YOUR TASK
Please output only the lines that begin at the line with "2023 Volkswagen Golf GTI SE" and run through the end of the entries below, exactly as written. Drop all pictures.

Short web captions
*** Block opens ***

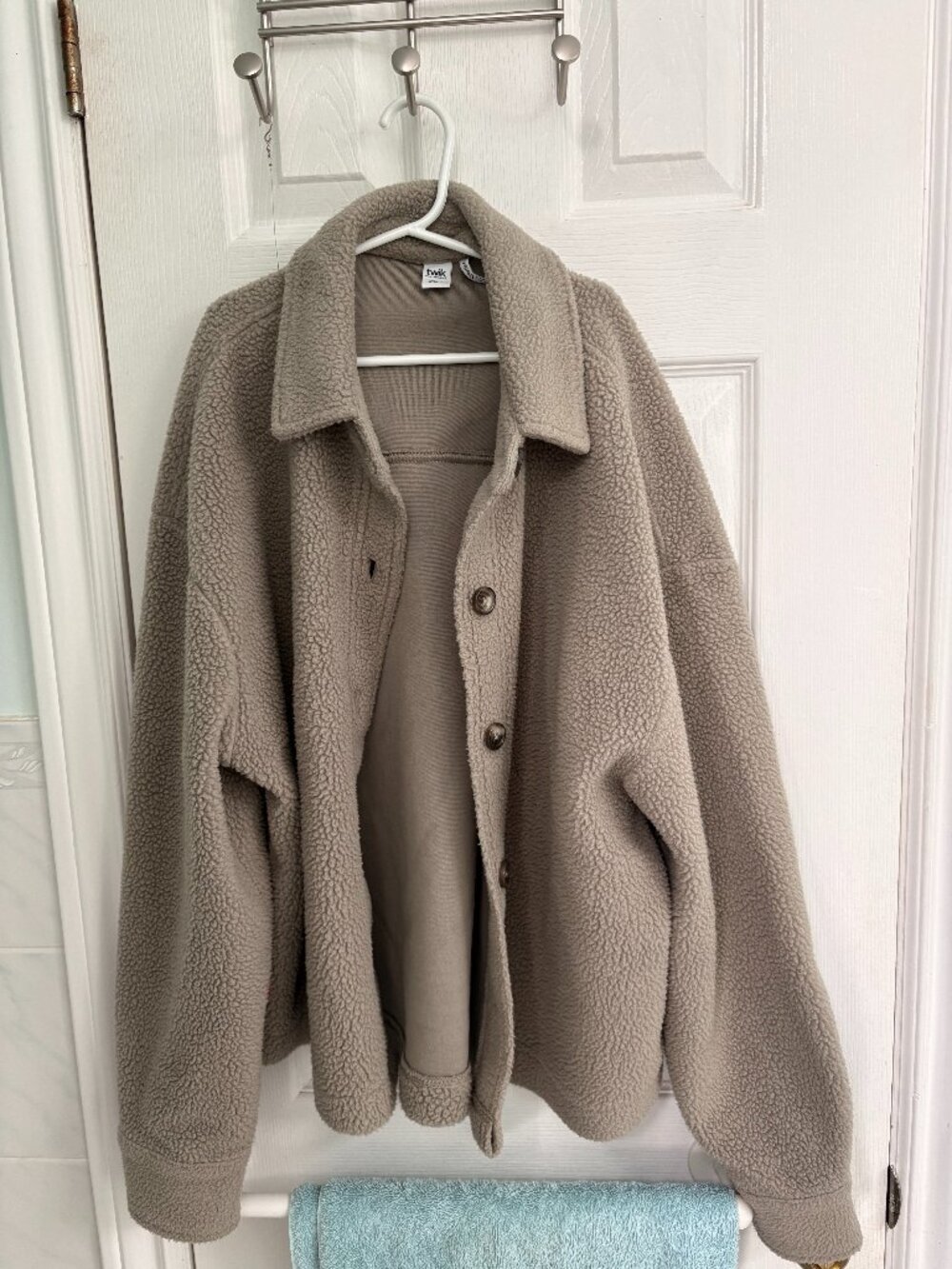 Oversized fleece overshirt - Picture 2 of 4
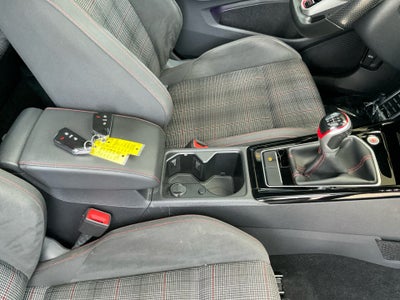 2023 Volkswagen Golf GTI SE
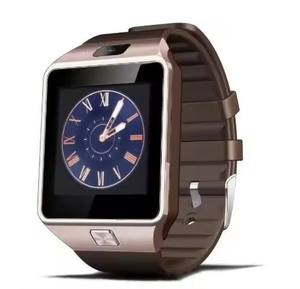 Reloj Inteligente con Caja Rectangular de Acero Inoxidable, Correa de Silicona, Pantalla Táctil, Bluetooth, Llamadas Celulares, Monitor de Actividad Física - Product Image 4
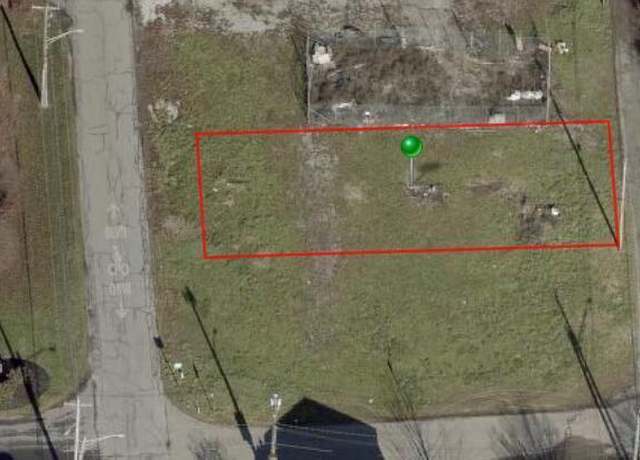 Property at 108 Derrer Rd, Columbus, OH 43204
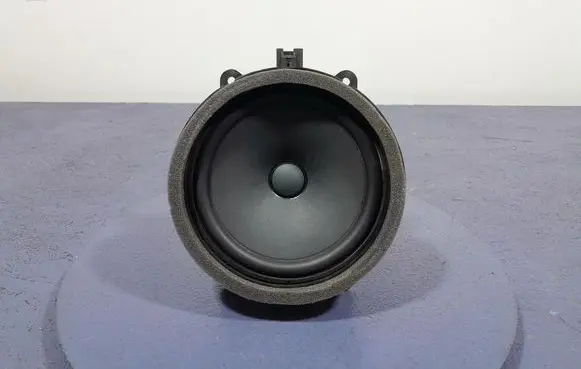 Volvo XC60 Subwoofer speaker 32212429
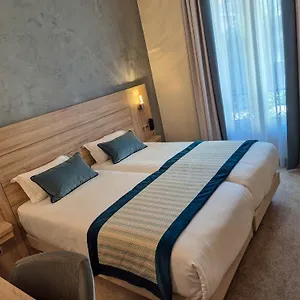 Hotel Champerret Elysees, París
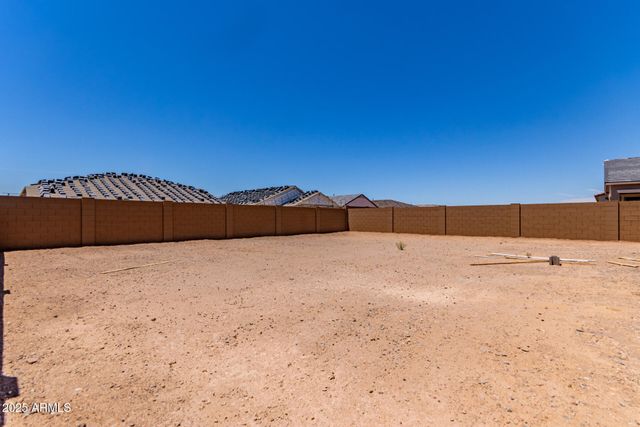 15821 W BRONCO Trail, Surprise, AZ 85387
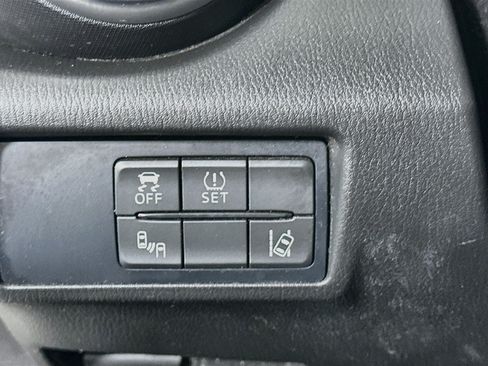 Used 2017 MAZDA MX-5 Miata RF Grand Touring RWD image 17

*** Block closes ***

EXERCISE RESPONSE
 2023 Volkswagen Golf GTI SE
 Reloj Inteligente con Caja Rectangular de Acero Inoxidable, Correa de Silicona, Pantalla Táctil, Bluetooth, Llamadas Celulares, Monitor de Actividad Física - Product Image 4
 Property at 108 Derrer Rd, Columbus, OH 43204
 Volvo XC60 Subwoofer speaker 32212429
 Hotel Champerret Elysees, París
 15821 W BRONCO Trail, Surprise, AZ 85387
 Used 2017 MAZDA MX-5 Miata RF Grand Touring RWD image 17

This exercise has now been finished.